The concept of chaos engineering is only understood if we understand the definition of “antifragility”, a term coined by Nassim Nicholas Taleb. This is the precursor concept of chaos engineering and, in turn, is based on resilience. Resilience is defined as the ability to absorb disturbances. These disturbances are caused by stressors, or stress factors, that trigger destabilization.

It is a concept widely used in living organisms (ecology, physiology, psychology, etc.) and refers to the ability to overcome problems actively and adapt to the situation. “Antifragility” goes beyond resilience since it implies the evolution of a system, which would be able to grow from the stress to which it has been subjected to adapt to new failures.

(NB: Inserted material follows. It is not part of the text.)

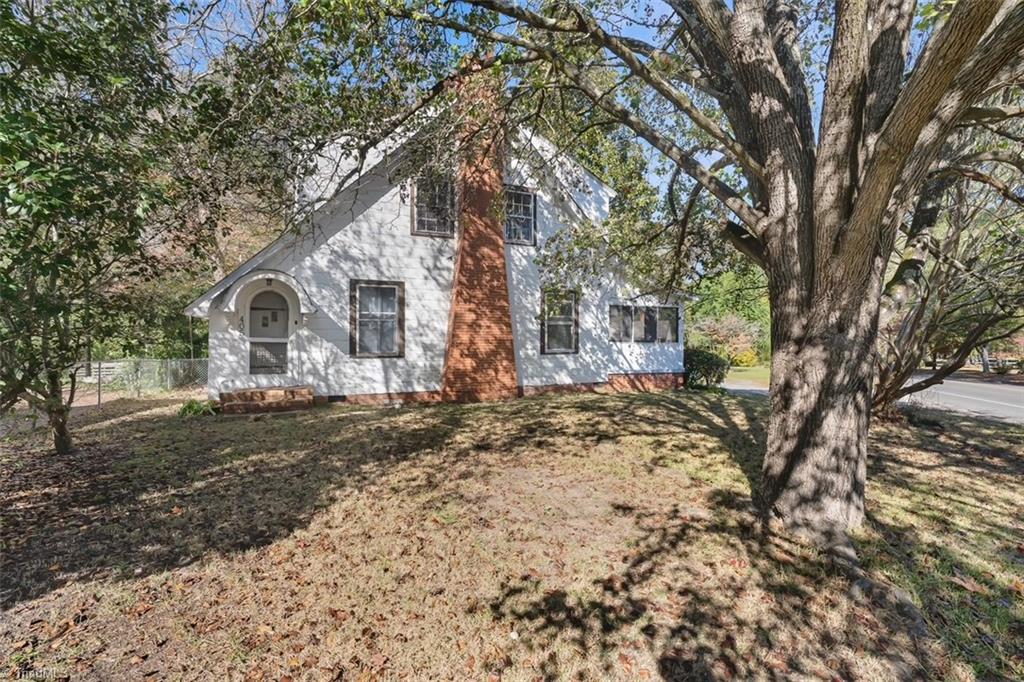 405 Richmond Road — photo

Panda Adaptive Defense is a tool that keeps a close eye on the principles of antifragility and adds resilience to the company, while increasing visibility into the state of the corporate network.

The Simian Army

Taking all this into account, large companies such as Netflix or Amazon see in chaos engineering the possibility of testing their infrastructure to make their systems more mature and increasingly robust — and also more evolved. In short, more resilient. Since performing an analysis and correcting a problem in a repetitive and escalating way is a very difficult task, they use heuristic strategies focused on prioritizing decision-making aimed simply at resolving problems.

Thus, Netflix, for example, uses its own suite of applications called the Simian Army, which tests the stability of its network. Simian Army has more than a dozen stressors that test the system in various ways. Security Monkey, for expample, is just one “piece” of the Simian Army. It implements a security strategy into cloud-computing platforms based on chaos engineering.

How can chaos engineering help companies?

The first question is, why should a company consider using chaos engineering?

Implementing a strategy based on chaos engineering helps to work the antifragility of a platform, including meeting the control objectives and requirements of PCI-DSS in case of audits. Thus, any company could benefit greatly from implementing a tool such as Security Monkey in its security strategy.

This would require a “chaosification” of the platform in a controlled manner, which could consist of actions of the following type: disable SG (Security Groups) rules, modify files at random, randomly listen to ports, inject malicious traffic into the VPC (Virtual Private Cloud), randomly kill processes while they are taking place… and the list of havoc-wreaking could go on.

Thanks to this tool (or strategy), a deeper visibility of the consequences of attacks can be achieved with the intention of improving defenses. This, in the long run, is the basis of a more mature and reliable system, capable of recovering from attacks and reducing losses in the face of a serious security incident, something that should be mandatory for any high availability service.